Wednesday 30 July 2008

Salt Marsh Lamb

Has arrived from Edwards of Conwy.
Not cheap but ....

Tuesday 29 July 2008

Labour is doomed

And now not just Brown. If the Times is correct and Harman and Miliband are actively drawing up plans to challenge Brown (http://www.timesonline.co.uk/tol/news/politics/article4423052.ece) then Labour is doomed. The only difference is in the timing. Now we all know that we are not a presidential system and that the electorate do not elect Prime Ministers but the screams for an election if Brown is deposed would be long and very very loud and would probably be impossible to ignore. The authority of a new PM would be virtually non-existant from the start. I cannot see that a change in PM (contrary to what Janet Daly wrote in the Telegraph the other day) would significantly improve Labours chances - especially if the Conservatives start getting their policies out en-masse.

Which is greener?

We have the despised two week rota for rubbish - one week green (some plastics, paper, metal etc) and the next general household waste (black since that is the colour of the wheelie bin).

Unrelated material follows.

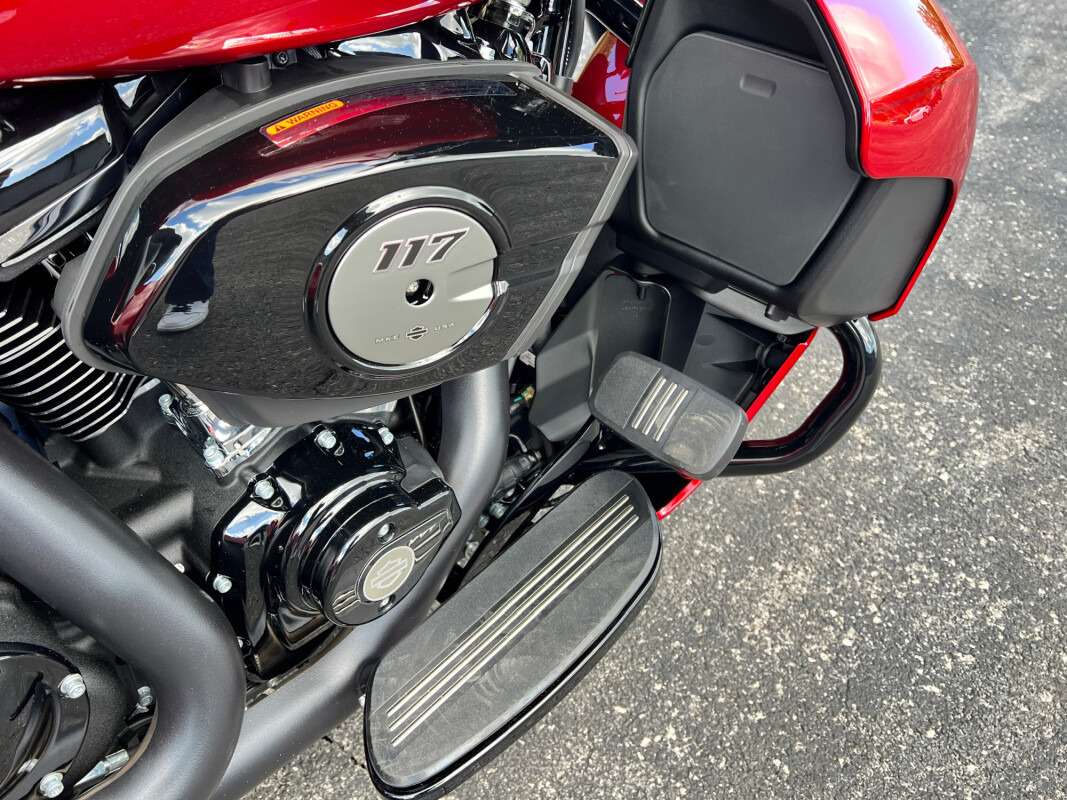 Street Glide® 3 Limited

Now our council will not accept any black rubbish that is not in the wheelie bin (they will green) and so if you have extra stuff then it is a trip to the tip. It is obvious that we are not alone in that since last Saturday the queue to get into the tip banked itself nicely up on the main road outside.

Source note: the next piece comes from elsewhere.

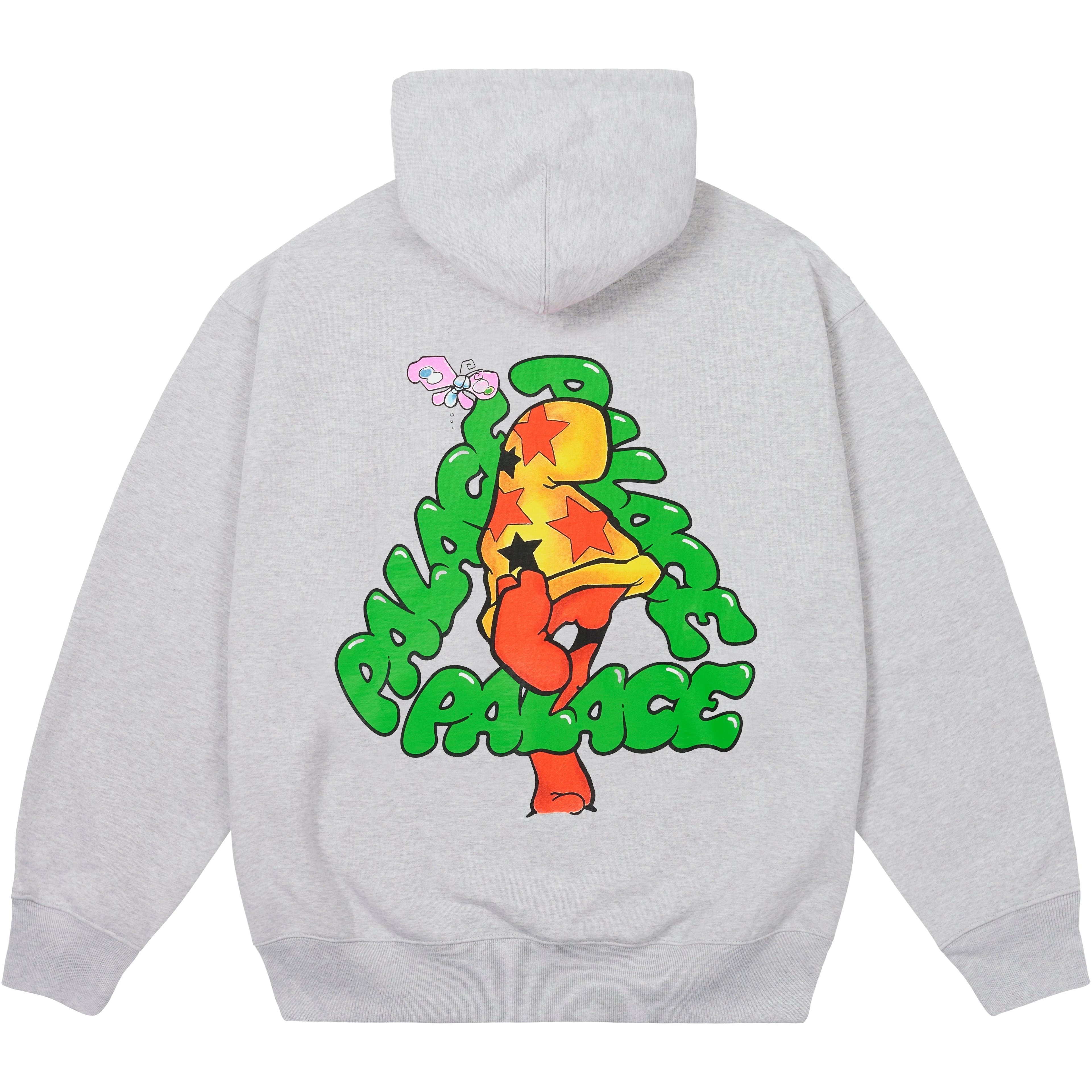 Thumbnail MARK BODĒ HOOD GREY MARL one color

Not everybody (including myself -we had some old bits of computer which could be recycled ) was dumping "black" rubbish but a lot of people were so I was left wondering how many extra carbon miles are done by people taking stuff up to the tip in the backs of their cars which would have been collected by the single council lorry a few years ago.

Monday 28 July 2008

Heaven sent

Well the heavens have just opened with an absolute torrent of water bringing to an end that period of very hot, sticky weather. Now warm - even hot - weather I like but not sticky since it makes my stump become raw and on really bad occaisons bleed; so I am not particually sorry to see it end.

It was Charles II who was reputed to have said that "English weather is three fine days and a thunderstorm"

Make that six ...

Comment of the day

"Des Browne is the only minister of whom it can be asserted without fear of contradiction that he is even worse at his job than Gordon Brown is at his."

http://www.independent.co.uk/opinion/commentators/bruce-anderson/bruce-anderson-it-is-almost-impossible-for-mr-brown-to-cling-on-and-it-is-almost-impossible-to-replace-him-878707.html


(Hat tip Robert Winter)

Sunday 27 July 2008

The real world

Nice to see that David Cameron actually shops at Tescos and will then still be in touch with the real world of galloping food inflation.

Unlike someone else ....

(& please don't mention security issues... I would expect that a leader of the opposition who is more than potentially going to be our next PM would have fairly hefty security associated with him)

Saturday 26 July 2008

Lawnmowers

Having spent the last week on and off fixing our mechanical sheep (gunk in the carb - disassembled and cleaned with lashings of WD-40) I have a great deal of sympathy with Keith Walendowski who apparently got so cross with his lawnmower not starting that he took a shotgun to it.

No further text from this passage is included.